As these methods became central, digital technologies have significantly altered the nature, accessibility, and volume of historical sources. As Timothy Hitchcock states, “The digital archive has changed the nature of the historical record” (DHLU 2013 Symposium (Luxembourg, 5 December 2013)—Keynote: Tim Hitchcock-CVCE Website, 2025) Previously inaccessible manuscripts, newspapers, and records are now available online, allowing historians to use vast datasets. Projects like the Old Bailey Online exemplify how digitisation reshapes the materiality of sources by offering searchable access to 197,000 trials, a scale previously unimaginable (Old Bailey Proceedings Online, 2025). Similarly, the Transcribe Bentham project demonstrates how collaborative digital initiatives have expanded participation in both the creation of and access to historical documents; volunteers transcribe manuscripts, making primary sources widely available and accelerating research progress (Causer and Terras, 2014).

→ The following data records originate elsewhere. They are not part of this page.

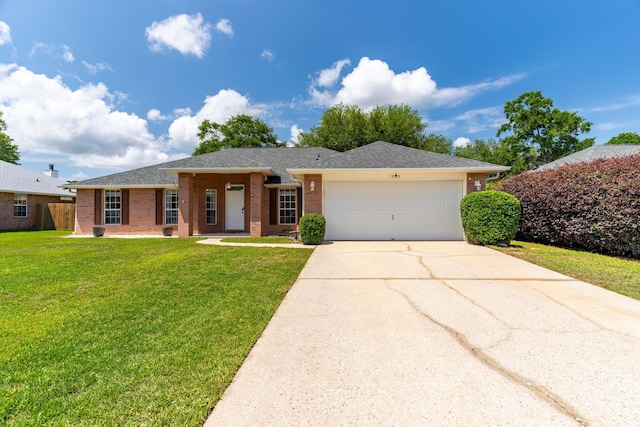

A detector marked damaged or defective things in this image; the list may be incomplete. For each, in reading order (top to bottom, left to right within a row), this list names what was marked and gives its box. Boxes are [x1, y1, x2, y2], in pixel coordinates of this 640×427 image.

crack in driveway [384, 282, 592, 426]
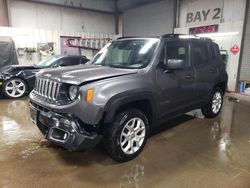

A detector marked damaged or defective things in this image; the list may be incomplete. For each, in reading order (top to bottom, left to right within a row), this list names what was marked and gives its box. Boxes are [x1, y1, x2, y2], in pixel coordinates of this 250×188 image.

damaged front bumper [29, 100, 102, 151]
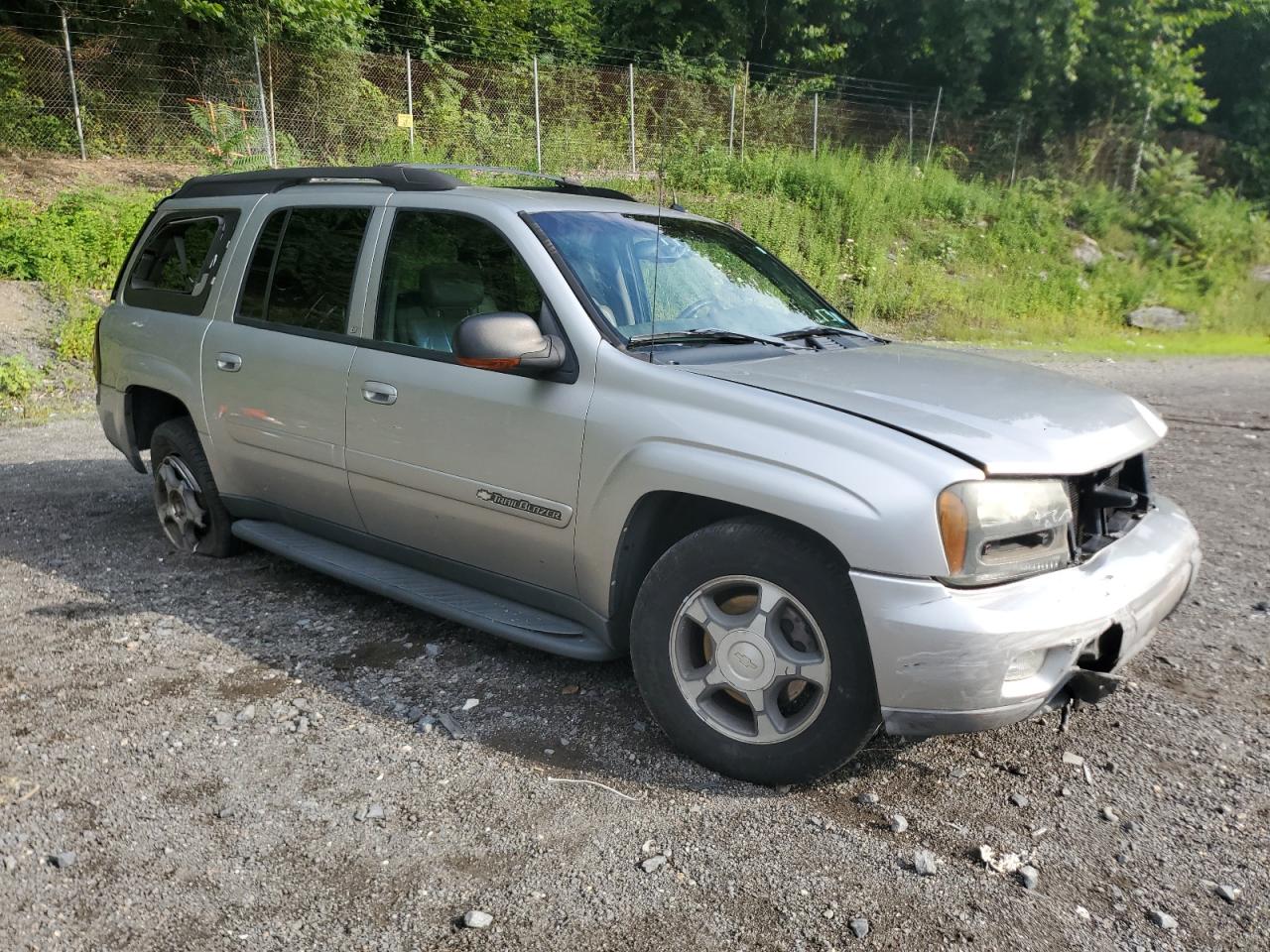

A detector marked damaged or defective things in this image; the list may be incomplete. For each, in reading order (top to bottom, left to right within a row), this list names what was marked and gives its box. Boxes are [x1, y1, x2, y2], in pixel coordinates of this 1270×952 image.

broken bumper piece [848, 492, 1194, 736]
damaged front bumper [853, 492, 1199, 736]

Despite enhanced access, the use of digital surrogates, while offering accessibility, raises questions about authenticity and the material context of original documents. As Johanna Drucker notes, “Digitized materials are not facsimiles but interpretations” (Drucker, 2013), highlighting how the transformation of physical sources into digital formats introduces a new layer of mediation.

Alongside these challenges, technologies influence methods and methodology, especially through digital humanities tools for quantitative analysis, text mining, and GIS mapping. For example, historians use Voyant Tools for textual analysis (Bradley, 2012; Nyhan et al., 2023) and GIS for spatial history (Da Silveira, 2014). Yet, Ian Milligan argues the “methodological shift is secondary to the fundamental change in the source base itself” (Milligan, 2019). Methodology changes in response to the transformed materiality and scale of digital sources, not as a standalone transformation. Digital tools enable quantitative analysis on an unprecedented scale. Network analysis and visualization tools offer new ways to examine patterns, relationships, and trends across vast corpora. For example, the “Mining the Dispatch” project utilizes topic modeling to explore themes in Civil War newspapers, uncovering insights that are difficult to find manually. Digital history also encourages interdisciplinary methods, blending historical inquiry with data science, linguistics, and geography. This convergence challenges traditional methodology, pushing historians to engage with new epistemologies and reconsider notions of evidence, interpretation, and narrative.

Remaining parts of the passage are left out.